Exercise data =
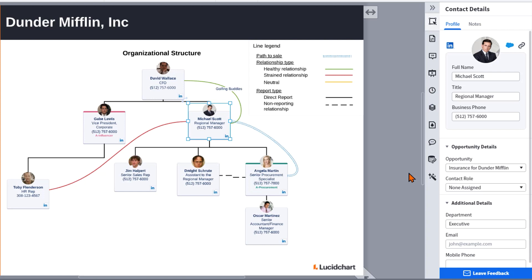Account maps in Lucidchart make it easy to understand and visualize relationships and roles of key stakeholders in the deal, ultimately helping you to close the deal faster. Visualizing roles can be done by utilizing Salesforce contact roles within your Lucidchart account map.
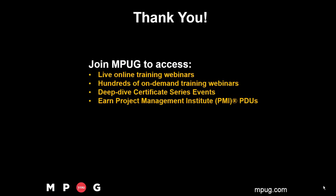Click the link to join MPUG and access live webinar training sessions. Hundreds of on-demand sessions are available 24-7.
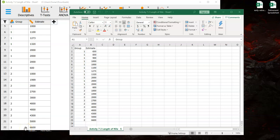Hello and welcome. This activity is going to show you how to get everything you need to do activity 7-2 out of JASP.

What is being asked = Without including any pictures, print all of the material exactly as given.

Task answer =
Account maps in Lucidchart make it easy to understand and visualize relationships and roles of key stakeholders in the deal, ultimately helping you to close the deal faster. Visualizing roles can be done by utilizing Salesforce contact roles within your Lucidchart account map.
Click the link to join MPUG and access live webinar training sessions. Hundreds of on-demand sessions are available 24-7.
Hello and welcome. This activity is going to show you how to get everything you need to do activity 7-2 out of JASP.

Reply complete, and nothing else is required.